Alexander Larman

Who knew that King Charles could be funny?

King Charles and President Frank-Walter Steinmeier (Credit: Getty images)

Describing the royal family as ‘funny’ is not, perhaps, the first thing that comes to mind when talking about the Windsors. After all, anyone with a long memory remembers the horrors of It’s A Royal Knockout in 1987. Meanwhile, the performers who tend to get the biggest laughs from them at the Royal Variety Show are usually those offering the broadest, silliest laughs. Just think of the late Queen enraptured by the once-in-a-lifetime spectacle of Frank Skinner, Harry Hill and Ed Balls (Ed Balls!) all performing George Formby’s ‘When I’m Cleaning Windows’ in 2018.

However, King Charles has always been someone with a more developed sense of humour, even if his long-standing love of The Goon Show might date him somewhat. The King was a good friend of the late Tom Stoppard – surely the wittiest man in Britain – and when he spoke at the state banquet for German President Frank-Walter Steinmeier last night, he delivered a series of jokes that may not quite have rivalled Stoppard’s sallies for incisiveness but made up for that with unexpected mirth. 

Charles made the potentially risky decision to allude to the other great Anglo-German rivalry when he said that:

Football is, of course, another shared endeavour. Of course, I use the word ‘shared’ in the broadest meaning of the word: there was, one has to admit, some element of truth in the famous description of football as a game where eleven people play eleven people, and then, in the end, the Germans win. 

The loud laughter seemed both sincere and faintly surprised

Barely had the mirth died down from this joke when he made another, referring to the German language’s love of compound nouns, which he called ‘a large number of very long words’. There was time for a self-deprecating quip when he remarked that ‘as someone who has spent some time trying to learn a little Welsh, I have some sympathy for the proposition that needless gaps between words are a dreadfully inefficient use of paper’.

It wasn’t exactly Oscar Wilde, but it was genuinely amusing. The loud laughter seemed both sincere and faintly surprised, as if the illustrious guests had not expected such gags.

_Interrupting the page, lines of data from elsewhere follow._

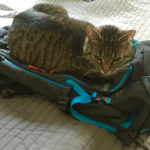 Katze mag Rucksack © Gipfelfieber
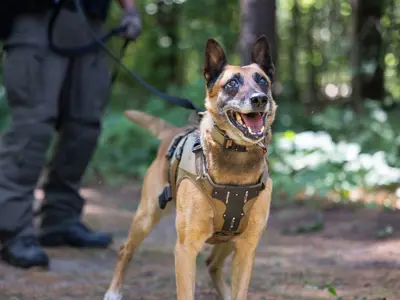 LPS K9 on leash in wooded area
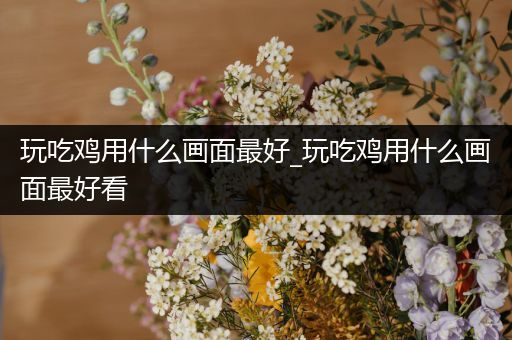 玩吃鸡用什么画面最好_玩吃鸡用什么画面最好看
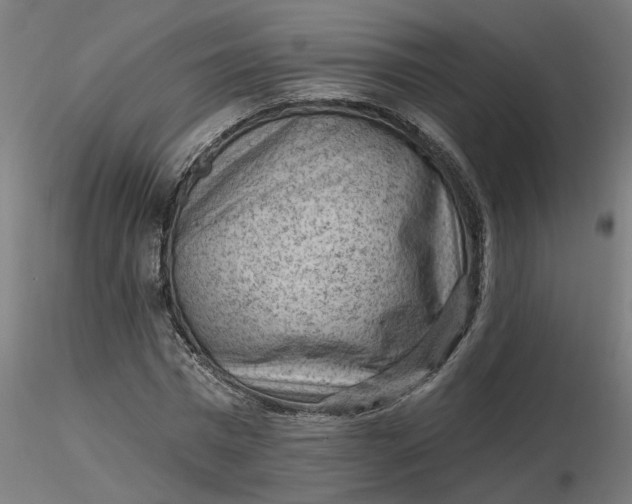 X0000116510777200912231232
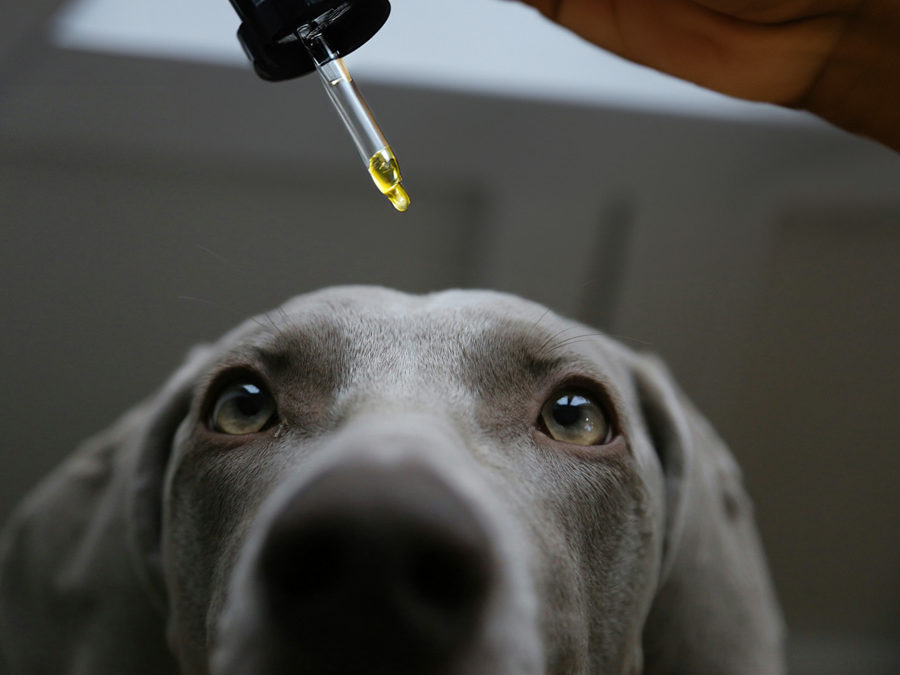Huile de CBD pour animaux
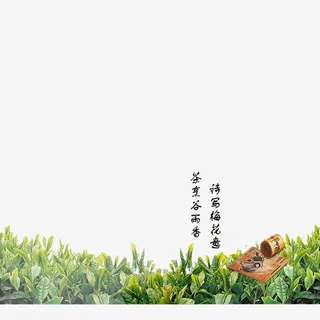 绿色水墨山水茶文化免抠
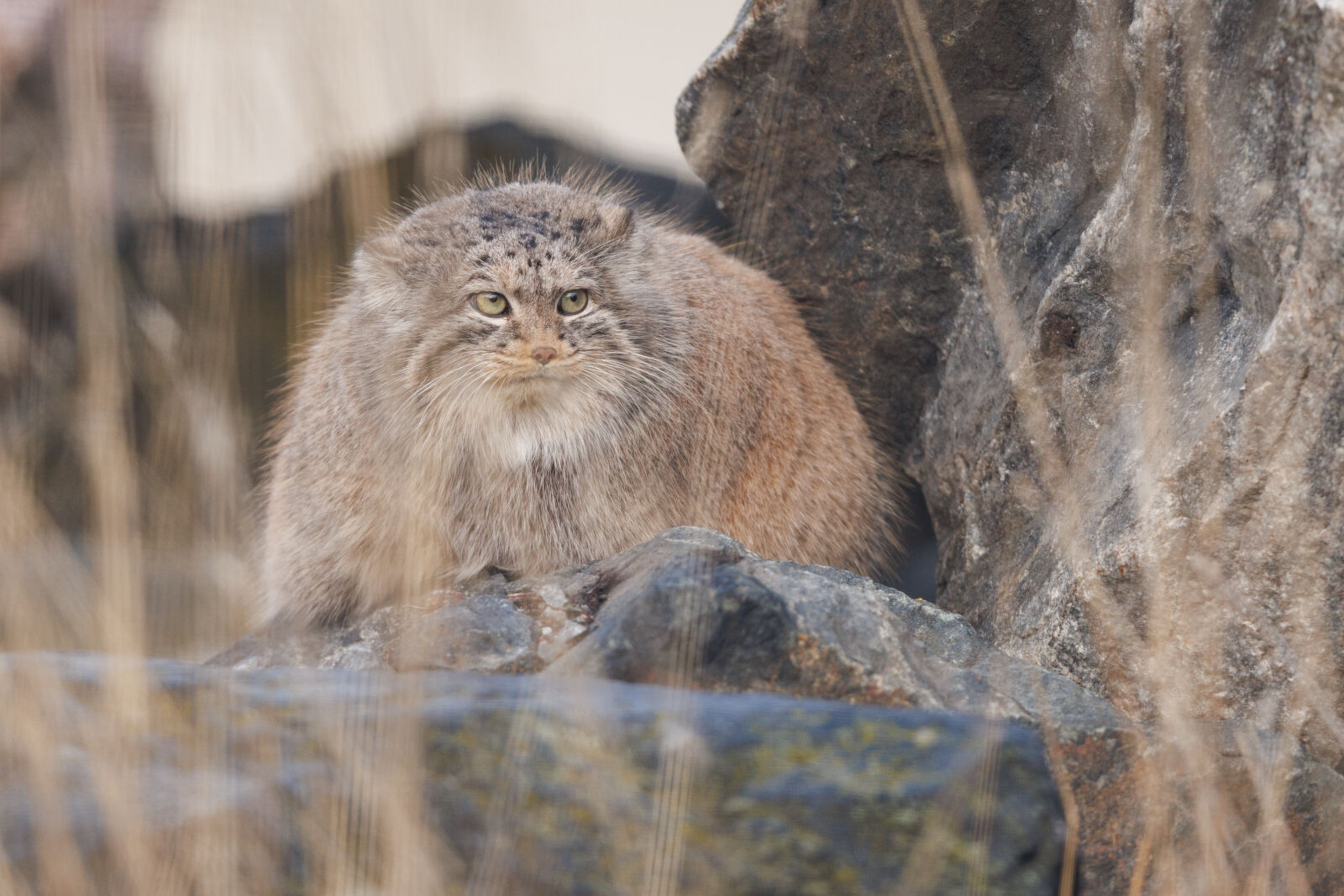 Canon EOS R5 sample photo. Manul photography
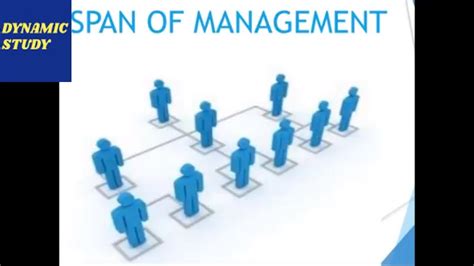 Span Of Management Span Of Control Youtube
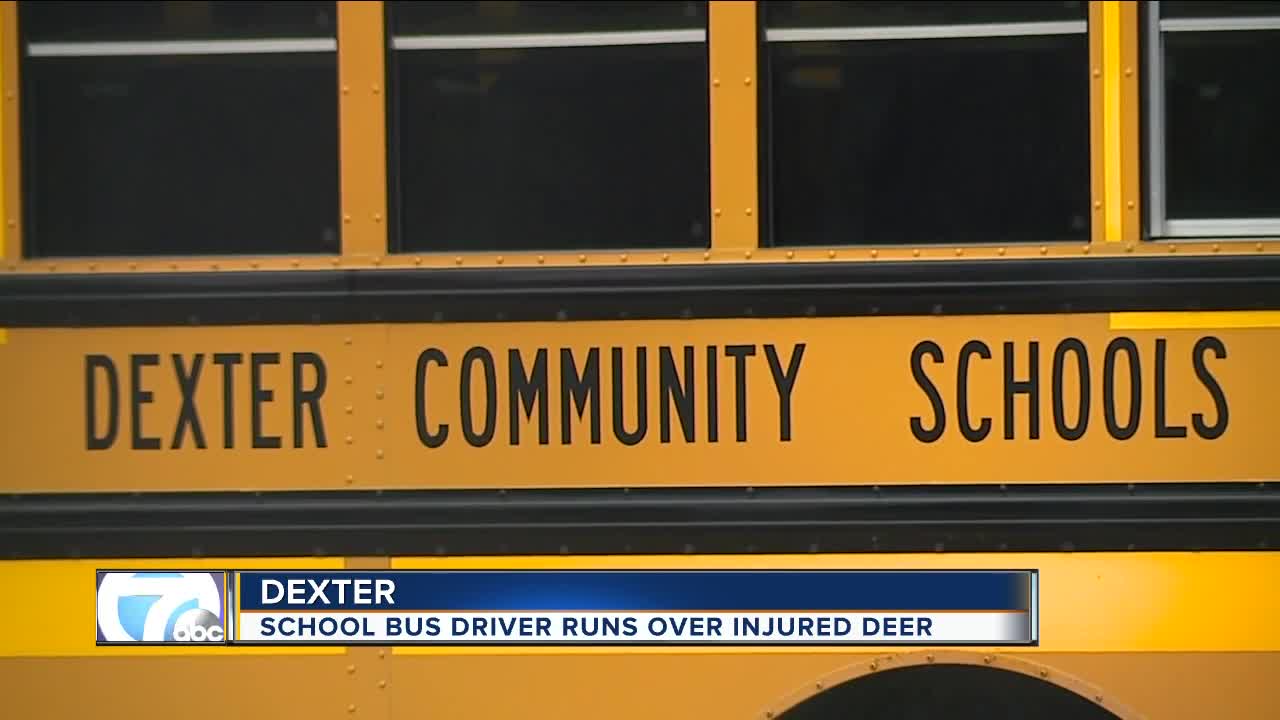 Dexter school bus driver runs over wounded deer to 'end its suffering' while students watched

Certainly, it was funnier than anything his German counterpart came out with – perhaps in its own way fulfilling national stereotypes. 

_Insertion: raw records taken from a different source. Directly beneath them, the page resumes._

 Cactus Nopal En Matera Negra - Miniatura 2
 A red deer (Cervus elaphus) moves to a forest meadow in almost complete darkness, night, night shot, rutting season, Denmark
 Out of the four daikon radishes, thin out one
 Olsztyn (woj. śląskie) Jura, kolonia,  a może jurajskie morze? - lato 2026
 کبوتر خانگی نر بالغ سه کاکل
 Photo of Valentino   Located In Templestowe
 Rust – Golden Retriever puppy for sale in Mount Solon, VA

Prince William, by contrast, cuts something of a sombre figure in public – even when talking to the comic actor Eugene Levy over a pint. There is a furrow-browed seriousness to him that means that he is unlikely to find a guest slot on Have I Got News For You any time soon. It is, however, his younger brother Prince Harry who has always had the instincts of a mischievous court jester and is free to play the fool. 

When Harry made an unexpected guest appearance last night on the Stephen Colbert Show, he held his own in a sketch opposite Colbert, even if his timing is not going to give professional comedians sleepless nights. When Colbert, playing the straight man, remarked, ‘Look, I wouldn’t say we’re obsessed with royalty,’ Harry referred to the recent anti-Trump protests, saying, ‘Why not? I hear you elected a king?’ Amidst a mixture of boos and gasps, Colbert sighed, ‘He’s got a point.’ Elsewhere in the sketch, Harry – apparently auditioning for a role in a Christmas film – made it clear that he’d do anything to get the part. ‘I’ll record a self-tape, I’ll fly myself to an audition, settle a baseless lawsuit with the White House – all the things you people in TV do.’ 

It may not have been subtle political satire, but it was amusing knockabout humour – even if it is unlikely to make President Trump feel any more fondly towards an expatriate who he has often publicly discussed expelling from his country.

On balance, neither Charles nor Harry would be advised to swap the day job – even if it’s questionable what that really is in the Duke of Sussex’s case – for a career gigging in comedy clubs. But after the year the royal family have had, a few light-hearted jokes don’t hurt.